It’s Event Season. Your booth is picked, logistics are set. Now it’s time to maximize on your presence. You’ve spent a lot of time and money on this event, here are a few tips to getting the most out of it:
Pre-Event Promotion & Planning
T minus 30: time to start promoting your participation. Here are some things you could get started with:
- Promote your participation on all social channels like LinkedIn. Utilize the company page and personal accounts of those attending.
- Set up a new booking calendar page with tools like Calendly or Microsoft Bookings (included in Microsoft365). Provide options like ‘Schedule demo’ or ‘Book a Consult’. Create a QR code for the booking page that can be used for booth side traffic.
- Create an event landing page on your website. Include a booking link, but also a visitor contact registration form so that contacts can provide their details booth side and go directly into your CRM.
- Add the event information to everyone’s email signature.
- Announce something. A new feature, new customer. Create a little bit of buzz around the event. Distribute on a low cost web wire service.
- Send a marketing email to all contacts that are likely to attend. It’s okay to overshoot on this one. It could be a list of association members, prospects/customers in the area, etc. Call to action, “let’s setup some time to meet”, or “come by booth 123”.
- Have sellers send a short sequence to their contacts, even if they are not attending.
- Set goals! # of new opportunities, # of new contacts, assign someone to competitor insights. Whatever your goals are, document them for your post mortem review. Gamify goals as a team.
- Set a booth schedule. No one wants to be on their feet all day. Maximum presence during exhibit hours, but otherwise reduce booth duty to one person at a time. Use attendee time to scope out competitors, go to sessions, meet customers or prospects.
- Internal team meeting. Get everyone on page. Agree on a penetrating question to start conversations. Agree on a 7 word description of what you do.

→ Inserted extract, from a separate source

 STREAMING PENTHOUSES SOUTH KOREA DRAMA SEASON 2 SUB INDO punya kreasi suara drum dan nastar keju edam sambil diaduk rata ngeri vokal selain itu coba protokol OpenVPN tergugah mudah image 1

Agree that no one should ever be sitting or working at the booth.
- Create a Campaign and Event record in CRM. Track your campaign costs, and relate campaign responses and event participants to these new records. This will track your attribution for later.
It’s Go Time!
Here comes the easy part:
- Attend all social events, encourage at least one representative to attend each session and report back on what was covered. Turn that rich content into blogs that offer your company’s perspective on the problem at hand. This will give you content for months.

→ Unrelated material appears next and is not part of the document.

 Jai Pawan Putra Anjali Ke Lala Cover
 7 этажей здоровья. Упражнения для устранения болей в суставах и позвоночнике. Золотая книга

- Post Post Post! Hit all the social channels you are on with happy pics, session pics – everything you’ve got.
- Setup a QR code: Visitors can scan the code with their own phones. They can drop their email and name into a form right from there. As well as access any valuable content. You could put that content behind a form wall.
- Setup a contact logging form for sellers. Same idea, simplified form so they can add contacts to CRM instantly. Those new contacts will get created and have a campaign response automatically created.
Here comes the most important part:
- Assign all inputted contacts to a seller.
- Send contacts to a marketing email.
- Assigned contacts should be added to a follow-up sequence with an email, auto reply email, LinkedIn touch, and phone call.
- Track activity and engagement one week later. Make sure follow-ups were done.
- Make sure all contacts have a campaign response and event participation to their record. This will help with attribution later.
- Schedule a post mortem the very next day.
This last step is pretty critical as it will answer the inevitable question: “Was it worth it?” Ideally you find new opportunities at the event, but in addition you want to track other benefits of events such as:
- How many new contacts did you meet?
- How many customers did you meet?
- Any new opportunities created? Were they attributed to the event?
- How many impressions did you create with your pre-event marketing?
- What industry insights did you glean?
- What did you learn about competitors?
- What would you do differently next year?
Answer the question, “Would you do it again next year?”. Sometimes that impulse decision is the right one. Document the answer for next year’s sober look.
Today, decision makers are running for cover, trying to avoid all prospecting attempts. Live events represent one of the last ways to form authentic connections. For B2B software companies, not every marketing action has a linear and related path to opportunity creation. It’s important to build brand awareness and educate potential buyers. If planned right, events are a great way to do this.